Functional and anatomical corticostriatal connectivity in the mouse brain. Qualitative comparisons between optical density maps (green) representing anatomical connectivity, and statistical parametric maps (p < .0001, voxel extent ≥ 5, uncorrected) representing positive functional connectivity correlations in WT (blue-light blue) and NF1 (red-yellow) mice, are presented for four cortical regions. Overlapping corticocortical and corticostriatal connections can be observed in WT but to a lesser extent in NF1. The parametric maps are overlaid on a downsampled version of the Allen Mouse Brain Atlas that matches at the original fMRI resolution. (For interpretation of the references to colour in this figure legend, the reader is referred to the web version of this article.)

Fig. 6.

Alterartion of corticostriatal functional connectivity in NF1 mice. (A) Seed locations in the mouse cortex and striatum. (B) Three polar plots display corticostriatal functional connectivity of the three striatal subregions (frontal, somatomotor and auditory).

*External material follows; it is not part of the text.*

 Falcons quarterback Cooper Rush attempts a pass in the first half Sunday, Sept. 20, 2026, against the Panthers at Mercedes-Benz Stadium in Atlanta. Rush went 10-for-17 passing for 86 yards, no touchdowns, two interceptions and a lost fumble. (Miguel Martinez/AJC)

Polar scales range from z(r) of −0.05 to 0.2 in 0.05 increments.(C) Bar plots depict average corticostrital connectivity between each cortical network and the different striatal seeds. Error bars indicate standard errors of the mean(D) Quantification of the interaction between pairs of Cortical Network and Group (repeated-measured ANOVA, frontal [FR], somatomotor [SM] and auditory [AUD]), **p < .01, ***p < .001, corrected for multiple comparisons using the Bonferroni correction. AUD – auditory cortex: dorsal (d), primary (p), ventral (v); MO – motor cortex: primary (p), secondary (s); ORBm – medial orbitofrontal cortex; PL – prelimbic cortex; PTLp – posterior parietal association cortex; RSP – retrosplenial cortex; SSp-bfd – barrel-related primary somatosensory cortex; SSs – secondary somatosensory cortex; VIS – visual cortex: anteromedial (am), primary (p).